Kayseri Gazeteciler Cemiyeti'nde basın toplantısı düzenleyen Kayseri Gönüllü Kültür Kuruluşları Başkanı Ahmet Taş, anayasada yer verilen din ve ibadet hürriyeti maddesine rağmen her zaman bunun mümkün olmadığını söyledi.
"BAŞÖRTÜSÜNE ANAYASAL GÜVENCE GETİRİLSİN"
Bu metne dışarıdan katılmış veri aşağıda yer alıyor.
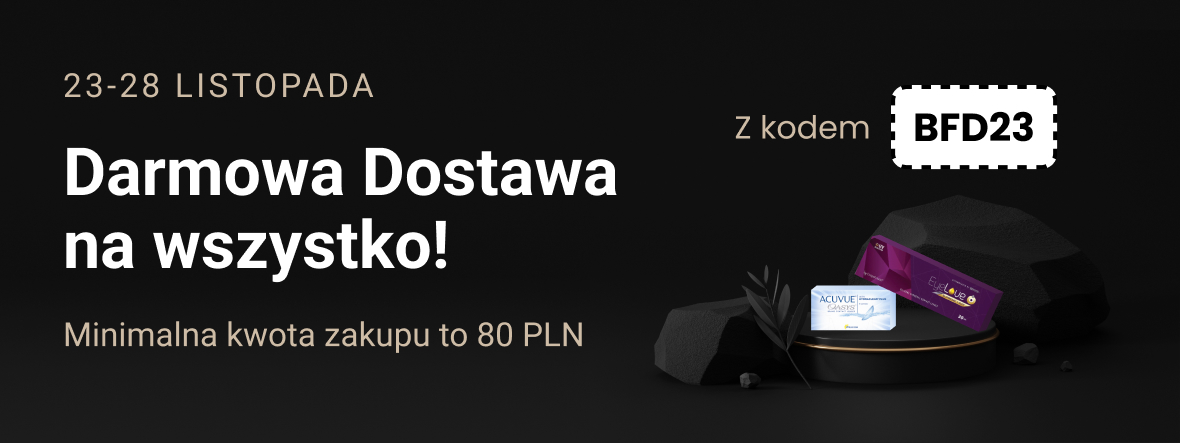 Darmowa Dostawa z okazji BLACK WEEK!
Türkiye'nin yüzde yüzüne yakınının Müslüman olmasına rağmen bu alanda belli başlı sıkıntılar yaşandığına değinen Ahmet Taş; "1950 öncesi ve darbe dönemlerinde Müslüman halkımızın İbadetlerine ve kıyafetlerine hukuk, vicdan ve adalet ayaklar altına alınarak yasaklar getirildi. 12 Eylül 1980 ve özellikle de 28 Şubat 1997 Post modern darbe döneminde inancı gereği başını örten hanımlarımıza, memurelerimize ve öğrencilerimize büyük zulümler yapıldı. Okuma ve çalışma hakları ellerinden alındı. Bin yıl süreceği söylenen ama! 2000'li yıllardan sonraki iktidarlar döneminde ortadan kaldırılmaya çalışılan 28 Şubat döneminde uygulanan başörtüsü zulmü sivil toplum kurumlarımızın topladığı 13 milyonluk vatandaş imzası sonucu ortadan kaldırılabildi. Kadın ve kızlarımız derin bir nefes aldı. Son günlerde başörtü özgürlüğü konusunun yeniden tartışılmaya başlandığına şahit oluyoruz. Kayseri Gönüllü Kültür Kuruluşları olarak talebimiz, başörtüsü ve dini kıyafet özgürlüğünün anayasa ile güvenceye alınmasıdır. Yeni anayasa çalışma ve çağrılarının yapıldığı bu günlerde TBMM, siyasi partiler ve hükümetten talebimiz yeni anayasada başörtüsü ve dini kıyafetle ilgili bir madde koyulması. Böylece başörtü ile ilgili polemikleri de ortadan kaldırmış oluruz" dedi.